Raw data:
----------------
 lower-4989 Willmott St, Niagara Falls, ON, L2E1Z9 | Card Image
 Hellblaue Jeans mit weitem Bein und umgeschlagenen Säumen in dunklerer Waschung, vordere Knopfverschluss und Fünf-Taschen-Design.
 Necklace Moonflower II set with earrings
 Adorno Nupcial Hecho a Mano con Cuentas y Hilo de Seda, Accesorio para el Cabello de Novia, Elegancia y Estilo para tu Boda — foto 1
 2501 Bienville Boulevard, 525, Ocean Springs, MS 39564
----------------
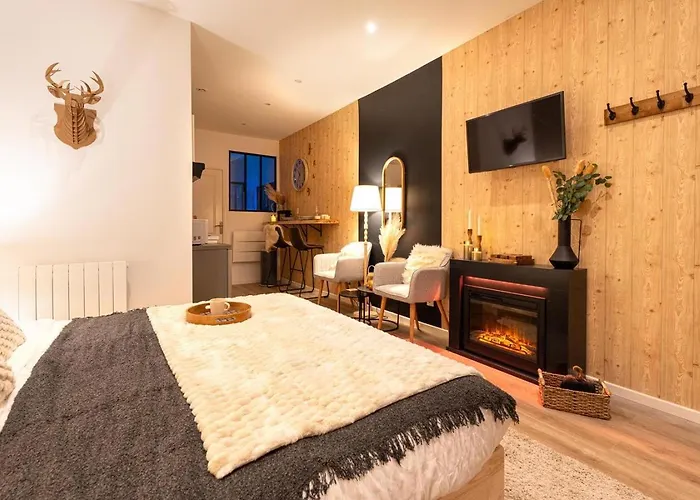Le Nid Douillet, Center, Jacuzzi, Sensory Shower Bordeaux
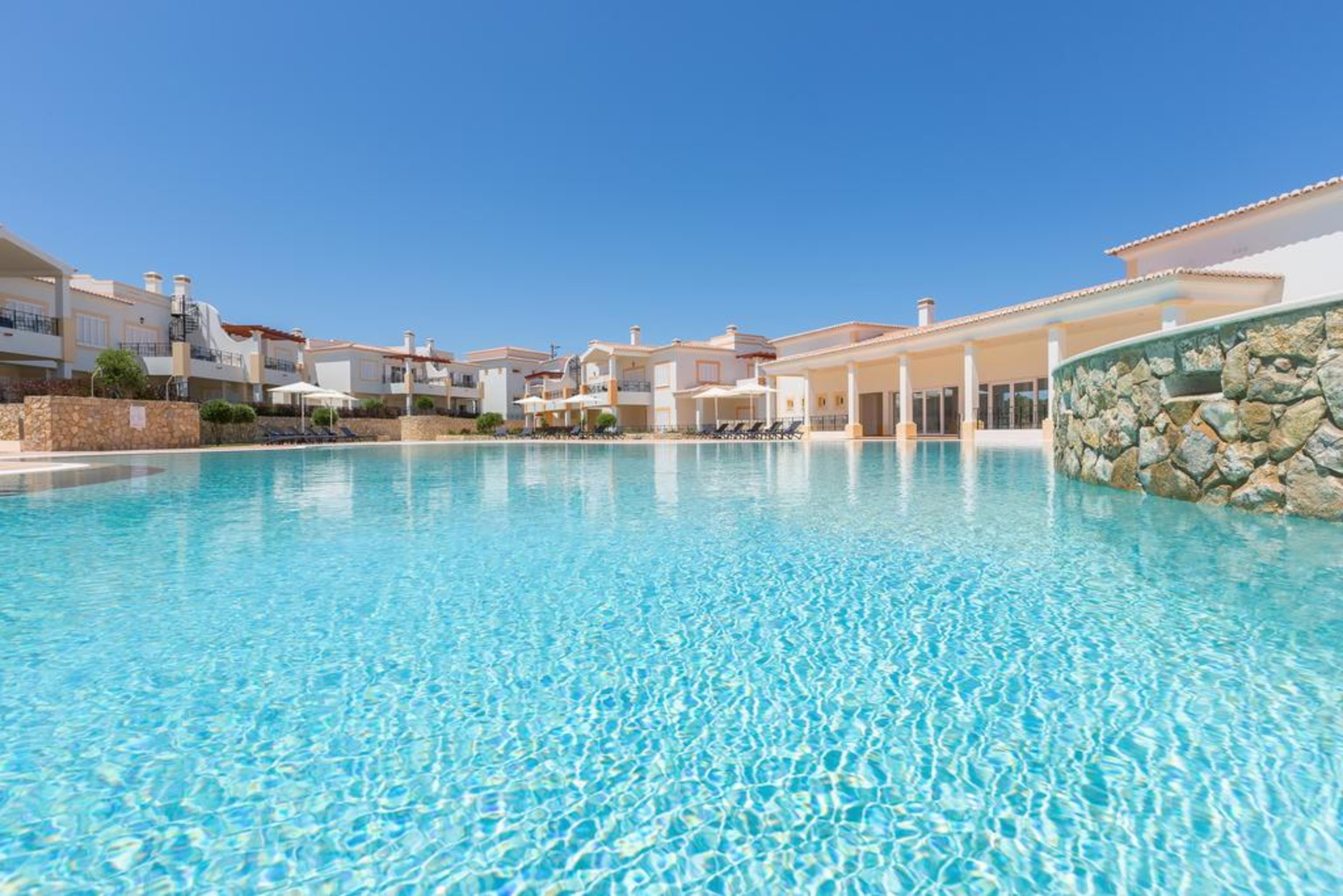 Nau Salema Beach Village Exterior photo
----------------
What the exercise asks: Using the records above, write out exactly the lines between the one holding "Adorno Nupcial Hecho" and the one holding "2501 Bienville Boulevard, 525, Ocean", inclusive; leave everything else out.

Answer to this problem:
 Adorno Nupcial Hecho a Mano con Cuentas y Hilo de Seda, Accesorio para el Cabello de Novia, Elegancia y Estilo para tu Boda — foto 1
 2501 Bienville Boulevard, 525, Ocean Springs, MS 39564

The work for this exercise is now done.